CAIRN.INFO : Matières à réflexion

1M. S. c/ P. S.

2(Les motifs décisoires de l’arrêt commenté sont accessibles sur le site figure im1)

3Du 9 février 2017 – Cour de justice de l’Union européenne (6e ch.) – Aff. C-283/16 – MM. Regan, prés., Fernlund, rapp. Bot, av. gén. – Mme Barnes, MM. Scott et Bennet, av.

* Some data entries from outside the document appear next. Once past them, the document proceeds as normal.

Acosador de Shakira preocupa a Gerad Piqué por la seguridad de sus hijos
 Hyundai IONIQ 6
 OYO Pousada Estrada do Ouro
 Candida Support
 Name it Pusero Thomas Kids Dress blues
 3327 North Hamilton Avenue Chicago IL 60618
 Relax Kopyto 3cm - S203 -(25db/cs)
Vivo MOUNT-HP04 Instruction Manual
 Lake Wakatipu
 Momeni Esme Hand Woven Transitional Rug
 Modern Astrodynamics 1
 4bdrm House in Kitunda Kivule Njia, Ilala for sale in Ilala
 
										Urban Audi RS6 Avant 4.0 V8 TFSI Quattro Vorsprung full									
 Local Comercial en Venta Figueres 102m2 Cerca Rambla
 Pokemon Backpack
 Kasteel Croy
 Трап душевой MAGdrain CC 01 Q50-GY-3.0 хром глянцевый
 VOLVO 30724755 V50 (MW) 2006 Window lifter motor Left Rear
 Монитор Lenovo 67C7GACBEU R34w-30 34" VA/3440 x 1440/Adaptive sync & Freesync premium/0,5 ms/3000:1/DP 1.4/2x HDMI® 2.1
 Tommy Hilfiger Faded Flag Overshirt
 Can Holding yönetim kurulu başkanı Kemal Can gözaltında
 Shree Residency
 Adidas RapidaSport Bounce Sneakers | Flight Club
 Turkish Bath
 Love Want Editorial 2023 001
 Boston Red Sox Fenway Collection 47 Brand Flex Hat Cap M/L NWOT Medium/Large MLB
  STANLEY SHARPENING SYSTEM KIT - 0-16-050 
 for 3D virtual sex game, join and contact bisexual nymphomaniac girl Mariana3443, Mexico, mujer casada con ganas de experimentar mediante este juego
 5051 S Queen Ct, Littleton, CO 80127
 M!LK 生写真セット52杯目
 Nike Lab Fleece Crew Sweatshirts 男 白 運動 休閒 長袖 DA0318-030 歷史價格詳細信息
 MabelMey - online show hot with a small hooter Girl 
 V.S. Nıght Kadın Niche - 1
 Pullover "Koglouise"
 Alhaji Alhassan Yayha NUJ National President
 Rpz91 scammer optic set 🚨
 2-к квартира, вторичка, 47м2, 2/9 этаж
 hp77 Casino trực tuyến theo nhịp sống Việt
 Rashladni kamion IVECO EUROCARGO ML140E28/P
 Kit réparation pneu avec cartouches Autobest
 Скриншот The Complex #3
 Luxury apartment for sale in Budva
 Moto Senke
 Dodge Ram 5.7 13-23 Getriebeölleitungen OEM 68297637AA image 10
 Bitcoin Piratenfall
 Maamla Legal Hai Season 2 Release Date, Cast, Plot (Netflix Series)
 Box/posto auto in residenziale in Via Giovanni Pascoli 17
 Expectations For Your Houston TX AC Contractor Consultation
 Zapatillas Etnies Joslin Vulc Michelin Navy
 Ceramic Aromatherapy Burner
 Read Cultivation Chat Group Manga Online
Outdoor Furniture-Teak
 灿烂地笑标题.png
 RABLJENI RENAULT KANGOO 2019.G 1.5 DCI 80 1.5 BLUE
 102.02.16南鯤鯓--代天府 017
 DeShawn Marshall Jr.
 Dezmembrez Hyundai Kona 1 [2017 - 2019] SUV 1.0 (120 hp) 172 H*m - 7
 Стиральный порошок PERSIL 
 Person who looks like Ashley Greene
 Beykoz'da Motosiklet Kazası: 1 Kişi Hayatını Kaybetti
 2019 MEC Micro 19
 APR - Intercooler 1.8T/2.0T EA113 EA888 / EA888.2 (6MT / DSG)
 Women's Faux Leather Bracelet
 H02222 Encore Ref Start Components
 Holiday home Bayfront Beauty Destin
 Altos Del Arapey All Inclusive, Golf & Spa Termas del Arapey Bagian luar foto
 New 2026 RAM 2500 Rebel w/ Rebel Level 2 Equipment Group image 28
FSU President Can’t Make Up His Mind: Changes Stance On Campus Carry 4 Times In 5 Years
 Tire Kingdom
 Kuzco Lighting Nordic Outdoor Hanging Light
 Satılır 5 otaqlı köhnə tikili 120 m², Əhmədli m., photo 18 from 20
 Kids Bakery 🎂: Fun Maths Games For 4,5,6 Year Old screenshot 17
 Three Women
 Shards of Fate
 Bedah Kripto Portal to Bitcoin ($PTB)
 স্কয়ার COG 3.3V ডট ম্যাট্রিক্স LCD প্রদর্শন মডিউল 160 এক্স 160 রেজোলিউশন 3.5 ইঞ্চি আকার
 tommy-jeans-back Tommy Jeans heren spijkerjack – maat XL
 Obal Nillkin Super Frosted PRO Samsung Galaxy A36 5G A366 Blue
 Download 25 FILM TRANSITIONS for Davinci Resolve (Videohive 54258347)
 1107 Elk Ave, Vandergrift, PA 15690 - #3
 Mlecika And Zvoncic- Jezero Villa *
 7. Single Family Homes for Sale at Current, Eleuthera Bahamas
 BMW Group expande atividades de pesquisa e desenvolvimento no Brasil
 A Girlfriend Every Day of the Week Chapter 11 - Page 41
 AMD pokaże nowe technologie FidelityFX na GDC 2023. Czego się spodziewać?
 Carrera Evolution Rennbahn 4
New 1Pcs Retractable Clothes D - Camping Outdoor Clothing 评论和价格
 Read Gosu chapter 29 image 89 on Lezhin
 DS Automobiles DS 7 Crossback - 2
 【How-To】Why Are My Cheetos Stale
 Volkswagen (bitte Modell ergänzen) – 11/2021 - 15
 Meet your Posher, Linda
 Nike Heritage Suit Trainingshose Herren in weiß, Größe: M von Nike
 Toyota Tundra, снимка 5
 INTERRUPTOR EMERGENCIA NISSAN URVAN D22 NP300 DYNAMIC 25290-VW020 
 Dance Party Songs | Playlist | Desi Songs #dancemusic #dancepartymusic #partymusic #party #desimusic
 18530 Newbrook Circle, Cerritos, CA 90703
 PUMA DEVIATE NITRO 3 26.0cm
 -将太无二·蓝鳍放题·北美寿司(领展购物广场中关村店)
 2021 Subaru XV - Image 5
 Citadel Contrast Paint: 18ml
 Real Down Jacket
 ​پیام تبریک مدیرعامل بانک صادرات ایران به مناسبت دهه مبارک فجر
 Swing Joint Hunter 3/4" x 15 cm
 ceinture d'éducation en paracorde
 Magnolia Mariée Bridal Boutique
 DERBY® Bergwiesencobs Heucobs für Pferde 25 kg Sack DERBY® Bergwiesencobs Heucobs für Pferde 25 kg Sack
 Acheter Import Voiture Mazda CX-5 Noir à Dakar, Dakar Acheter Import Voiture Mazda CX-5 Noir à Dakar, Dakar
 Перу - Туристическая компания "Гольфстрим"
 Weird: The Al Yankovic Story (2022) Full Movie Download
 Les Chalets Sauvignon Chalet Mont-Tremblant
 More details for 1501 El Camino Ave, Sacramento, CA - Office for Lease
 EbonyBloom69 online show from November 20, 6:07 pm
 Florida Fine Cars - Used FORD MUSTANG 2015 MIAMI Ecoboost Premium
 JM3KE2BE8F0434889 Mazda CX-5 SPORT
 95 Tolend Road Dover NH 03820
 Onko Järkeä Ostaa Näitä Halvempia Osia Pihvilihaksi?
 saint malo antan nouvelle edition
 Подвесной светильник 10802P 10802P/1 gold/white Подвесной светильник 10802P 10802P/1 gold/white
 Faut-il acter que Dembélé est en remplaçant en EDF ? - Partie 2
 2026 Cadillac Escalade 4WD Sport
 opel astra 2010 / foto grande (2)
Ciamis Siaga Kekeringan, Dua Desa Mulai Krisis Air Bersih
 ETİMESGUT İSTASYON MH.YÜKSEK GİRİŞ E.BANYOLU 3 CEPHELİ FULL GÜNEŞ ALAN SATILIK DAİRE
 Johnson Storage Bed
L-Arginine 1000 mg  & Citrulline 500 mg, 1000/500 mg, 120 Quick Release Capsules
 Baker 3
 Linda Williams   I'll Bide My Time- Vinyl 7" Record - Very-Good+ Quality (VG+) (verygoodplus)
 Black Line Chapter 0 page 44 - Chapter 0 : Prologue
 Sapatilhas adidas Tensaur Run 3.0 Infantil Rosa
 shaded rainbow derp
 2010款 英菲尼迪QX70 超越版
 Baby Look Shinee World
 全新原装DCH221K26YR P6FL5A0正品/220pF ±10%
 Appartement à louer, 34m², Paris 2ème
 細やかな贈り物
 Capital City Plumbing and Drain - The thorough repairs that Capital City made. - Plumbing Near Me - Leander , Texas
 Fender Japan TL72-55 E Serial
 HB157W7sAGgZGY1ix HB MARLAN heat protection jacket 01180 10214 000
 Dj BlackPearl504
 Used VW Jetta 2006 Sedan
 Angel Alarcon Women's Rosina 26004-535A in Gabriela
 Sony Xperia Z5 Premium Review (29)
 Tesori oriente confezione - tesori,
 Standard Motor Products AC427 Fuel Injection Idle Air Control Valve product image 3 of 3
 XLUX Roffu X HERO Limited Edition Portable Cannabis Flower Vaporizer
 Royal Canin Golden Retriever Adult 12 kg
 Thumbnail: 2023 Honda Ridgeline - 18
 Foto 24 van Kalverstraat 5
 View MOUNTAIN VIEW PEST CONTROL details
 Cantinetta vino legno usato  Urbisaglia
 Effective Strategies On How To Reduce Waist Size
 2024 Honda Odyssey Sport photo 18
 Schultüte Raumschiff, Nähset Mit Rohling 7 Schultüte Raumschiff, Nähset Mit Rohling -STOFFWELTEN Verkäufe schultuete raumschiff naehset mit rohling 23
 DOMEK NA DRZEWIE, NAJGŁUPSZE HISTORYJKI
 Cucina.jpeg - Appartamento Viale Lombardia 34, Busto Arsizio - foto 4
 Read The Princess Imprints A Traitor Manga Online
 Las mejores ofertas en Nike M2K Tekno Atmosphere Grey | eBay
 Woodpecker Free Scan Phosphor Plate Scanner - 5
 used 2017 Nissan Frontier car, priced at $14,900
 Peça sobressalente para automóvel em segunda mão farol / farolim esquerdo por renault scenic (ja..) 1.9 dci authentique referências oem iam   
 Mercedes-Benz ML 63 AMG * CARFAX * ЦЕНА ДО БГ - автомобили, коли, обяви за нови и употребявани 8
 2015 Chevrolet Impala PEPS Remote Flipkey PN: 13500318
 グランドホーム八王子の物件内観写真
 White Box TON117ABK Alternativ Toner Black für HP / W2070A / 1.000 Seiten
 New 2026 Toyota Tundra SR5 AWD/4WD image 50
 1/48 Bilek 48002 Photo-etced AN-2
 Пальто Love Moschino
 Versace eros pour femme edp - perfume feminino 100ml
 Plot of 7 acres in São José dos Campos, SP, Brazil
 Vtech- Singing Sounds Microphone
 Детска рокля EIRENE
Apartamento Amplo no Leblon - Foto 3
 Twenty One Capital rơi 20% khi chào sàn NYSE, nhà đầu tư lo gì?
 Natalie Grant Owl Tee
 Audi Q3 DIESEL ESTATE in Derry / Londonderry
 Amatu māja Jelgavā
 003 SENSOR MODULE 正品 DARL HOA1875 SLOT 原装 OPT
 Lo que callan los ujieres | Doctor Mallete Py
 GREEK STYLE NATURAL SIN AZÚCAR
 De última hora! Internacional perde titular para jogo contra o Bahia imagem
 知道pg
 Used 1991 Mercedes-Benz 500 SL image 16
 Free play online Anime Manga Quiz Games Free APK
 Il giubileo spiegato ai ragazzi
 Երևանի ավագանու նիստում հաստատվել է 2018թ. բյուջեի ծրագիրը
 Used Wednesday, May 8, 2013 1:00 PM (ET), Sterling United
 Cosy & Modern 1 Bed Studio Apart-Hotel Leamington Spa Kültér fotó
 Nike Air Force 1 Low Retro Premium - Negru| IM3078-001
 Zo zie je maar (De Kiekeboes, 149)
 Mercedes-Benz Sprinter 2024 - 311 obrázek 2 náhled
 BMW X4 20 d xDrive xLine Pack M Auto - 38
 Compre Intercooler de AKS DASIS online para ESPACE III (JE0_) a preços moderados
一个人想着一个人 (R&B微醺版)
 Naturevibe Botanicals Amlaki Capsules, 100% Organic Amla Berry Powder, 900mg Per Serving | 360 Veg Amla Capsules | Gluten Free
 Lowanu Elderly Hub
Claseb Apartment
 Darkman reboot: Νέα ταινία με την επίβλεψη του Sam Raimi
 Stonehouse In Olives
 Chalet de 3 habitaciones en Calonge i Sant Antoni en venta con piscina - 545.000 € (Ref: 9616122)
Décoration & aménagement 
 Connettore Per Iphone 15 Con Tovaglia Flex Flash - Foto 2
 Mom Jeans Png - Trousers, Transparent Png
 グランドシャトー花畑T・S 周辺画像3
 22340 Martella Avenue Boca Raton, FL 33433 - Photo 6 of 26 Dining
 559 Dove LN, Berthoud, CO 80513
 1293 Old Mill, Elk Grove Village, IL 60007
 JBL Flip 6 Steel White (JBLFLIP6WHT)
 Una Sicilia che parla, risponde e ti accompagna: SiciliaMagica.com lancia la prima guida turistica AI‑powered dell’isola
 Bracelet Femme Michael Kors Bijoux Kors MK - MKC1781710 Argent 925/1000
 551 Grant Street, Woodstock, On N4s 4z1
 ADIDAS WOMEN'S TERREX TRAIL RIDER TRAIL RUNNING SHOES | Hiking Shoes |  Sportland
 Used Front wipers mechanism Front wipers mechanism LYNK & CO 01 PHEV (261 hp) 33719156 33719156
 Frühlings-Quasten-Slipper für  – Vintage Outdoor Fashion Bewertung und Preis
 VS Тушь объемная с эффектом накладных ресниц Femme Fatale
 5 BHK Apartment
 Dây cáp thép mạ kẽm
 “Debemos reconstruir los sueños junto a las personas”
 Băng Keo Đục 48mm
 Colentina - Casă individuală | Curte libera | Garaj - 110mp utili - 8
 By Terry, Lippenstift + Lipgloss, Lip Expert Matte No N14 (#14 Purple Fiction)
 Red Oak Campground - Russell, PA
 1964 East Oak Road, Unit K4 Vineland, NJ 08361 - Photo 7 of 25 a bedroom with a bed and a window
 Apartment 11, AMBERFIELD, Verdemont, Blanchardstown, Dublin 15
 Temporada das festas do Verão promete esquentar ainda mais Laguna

4(1-2) 1. Cette décision d’apparence technique mérite néanmoins d’être portée à la connaissance des lecteurs de cette Revue (sur cette décision v. déjà Europe n° 4, avr. 2017. Comm. 165, note L. Idot ; AJ fam. 2017. 409, note A. Boiché ; Procédures n° 4, avr. 2017. Comm. 66, note C. Nourissat). Concernant l’application du règlement (CE) n° 4/2009 du Conseil, du 18 décembre 2008, relatif à la compétence, la loi applicable, la reconnaissance et l’exécution des décisions et la coopération en matière d’obligations alimentaires, dit règlement Aliments (JO 2009, L 7, p. 1 ; sur le règlement v. B. Ancel et H. Muir Watt, Aliments sans frontières, Rev. crit. DIP 2010. 457), elle rappelle que l’autonomie procédurale des États membres ne peut être mise en œuvre que si elle ne compromet pas le bon fonctionnement du droit européen. Au regard des principes fondamentaux du droit européen, elle rappelle le fameux arrêt Simmenthal et l’obligation pour le juge national de laisser inappliquées les dispositions contraires du droit national qui viendraient entraver l’effet utile des règlements.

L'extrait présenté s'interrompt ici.